Le résumé est on ne peut plus simple : un jeune Turc, Muhamed, a une petite amie gauloise : Élodie. Les parents de cette dernière n'apprécient guère. Depuis les Capulet et les Montaigu, ce n'est pas nouveau et l'on a déjà beaucoup écrit sur le sujet. Seule différence d'époque, il ne s'agit plus de haine ancestrale entre deux familles respectables, mais de milieux ethniques différents, sur fond de considérations sociales et judiciaires. Muhamed, en effet, a un "parcours familial, scolaire et judiciaire particulièrement chargé", comme le relate le quotidien Libération : "Renvoyé de l'école pour indiscipline chronique, plusieurs fois condamné pour vol et menace, échec des divers programmes de réinsertion"
Un curriculum vitae plutôt banal de nos jours pour une partie de cette jeunesse en délicatesse d'insertion dans la démocratie française, modèle du genre.
On pourrait évidemment émettre, à l'instar des parents d'Élodie, quelques doutes sur le statut de gendre idéal de Muhamed, mais ce serait là un réflexe de grincheux, aussi banal que le curriculum vitae de l'intéressé.
Si ce n'est lui, c'est donc ses copains
L'amour étant toujours le plus fort, comme nous l'ont si bien démontré les romans de Delly d'abord, Loft story et autres Feux de l'Amour de la télévision ensuite, Élodie n'hésite pas à ouvrir sa fenêtre à l'élu de son c|ur et de ses sens pour une partie de jambes en l'air aussi nocturne que clandestine.

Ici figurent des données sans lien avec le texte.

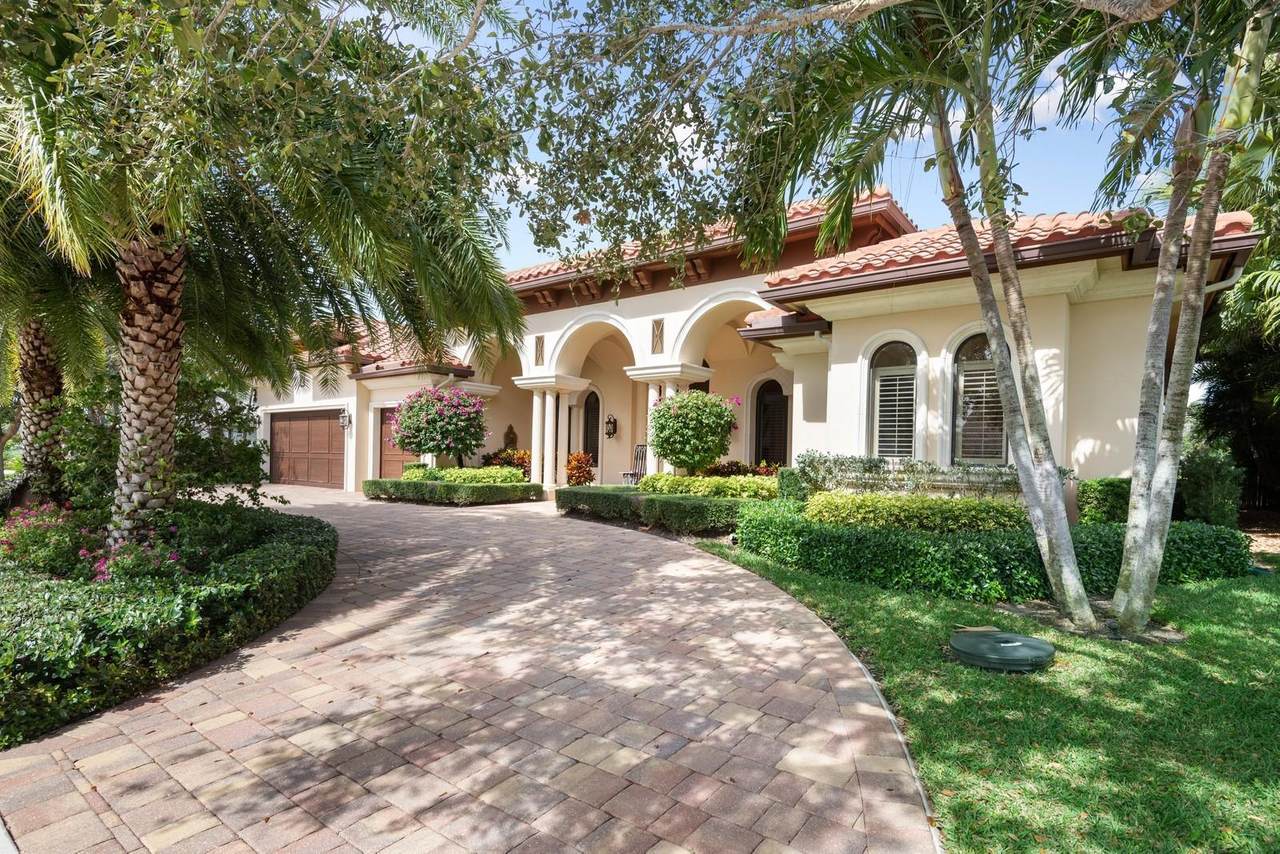 3953 Live Oak Boulevard - Photo 1 3953 Live Oak Boulevard - Photo 1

Un marivaudage somme toute, n'est-ce pas, très banal ?
Les galipettes terminées, Muhamed repasse la fenêtre de la chambre et s'apprête à quitter les lieux quand, patatras, le père d'Élodie et un de ses amis lui tombent sur le rabe, persuadés qu'il ne s'est pas seulement contenté des charmes de la demoiselle, mais qu'il a aussi, distraitement, dérobé l'autoradio du 4 x 4 du père d'Élodie.

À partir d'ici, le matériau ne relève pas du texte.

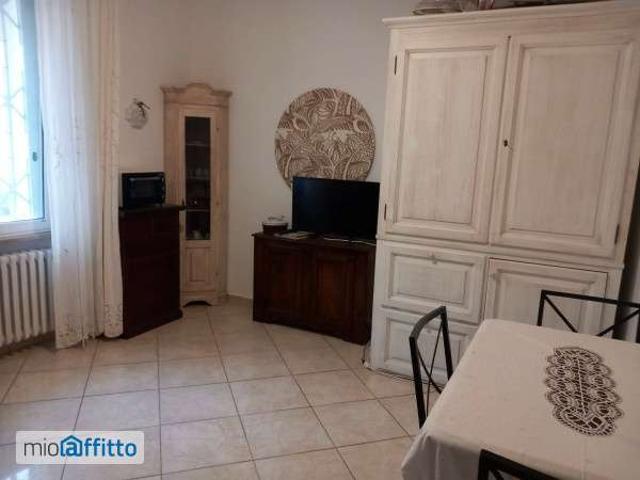 Appartamento in affitto a Marche, Macerata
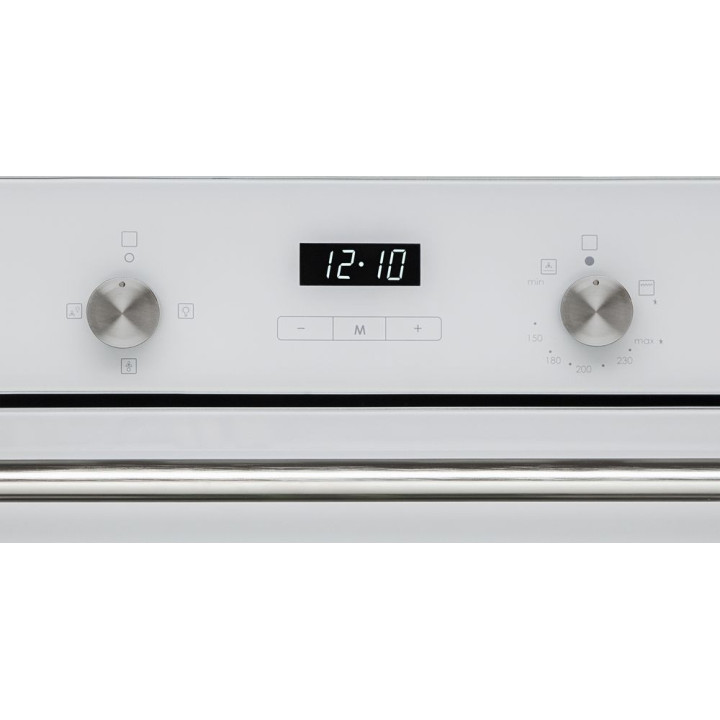 Купить Духовой шкаф Korting KORTING духовой шкаф газовый OGG 771 CFW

Au procès, Muhamed expliquera que lui était bien trop occupé à roucouler : l'autoradio a certes été subtilisé, mais par ses copains, restés, eux, sous le balcon de la Belle, à l'attendre. Fallait bien qu'ils s'occupent, non ?
Un larcin qui, de nos jours, est somme toute bien banal aussi, on en conviendra sans barguigner.

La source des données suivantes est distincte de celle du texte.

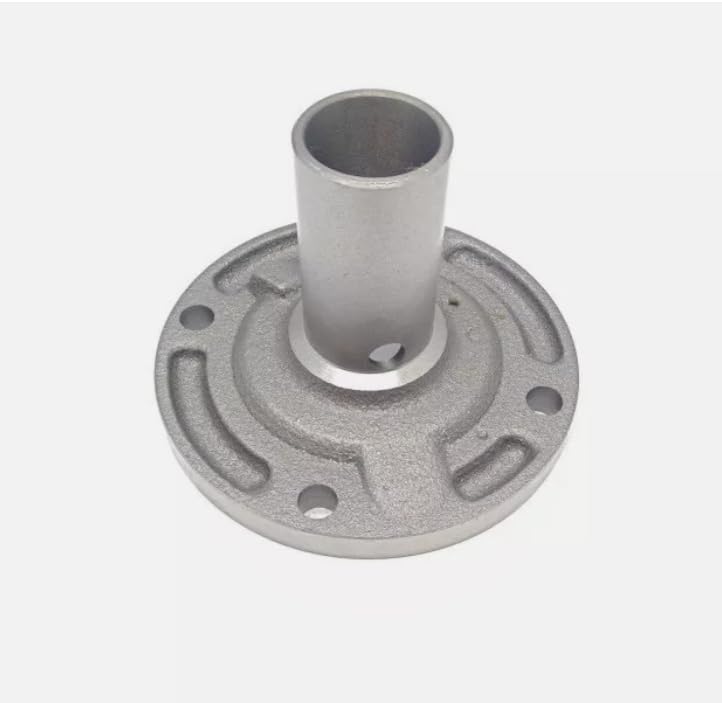 for Muncie M20 M21 M22 for GM 4 Speed Front Input Retainer Bearing Snout WT297-6 304735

Mais comme les deux adultes ne l'entendent pas de cette version, le ton monte et les coups pleuvent. Persuadé que ses jours, voir ses secondes, sont comptés, Muhamed n'a d'autre choix que de brandir un couteau et d'occire l'un des deux "redresseurs de tords" comme les désigne avec mépris Libération. Pour le quotidien gauche-caviar préféré des Bo-bos(1), il est évident que les deux franchouillards ne sont que des adultes racistes à l'Ordre Moral et au sens de la propriété parfaitement déplacés en cet an 2002.
Une évidence extrêmement banale, elle aussi.
Condamné à 20 ans en première instance pour "coup mortel porté avec intention" et "non pour meurtre", souligne encore le quotidien qui tient manifestement à ce que l'on tienne compte de la différence, le procès est désormais en appel.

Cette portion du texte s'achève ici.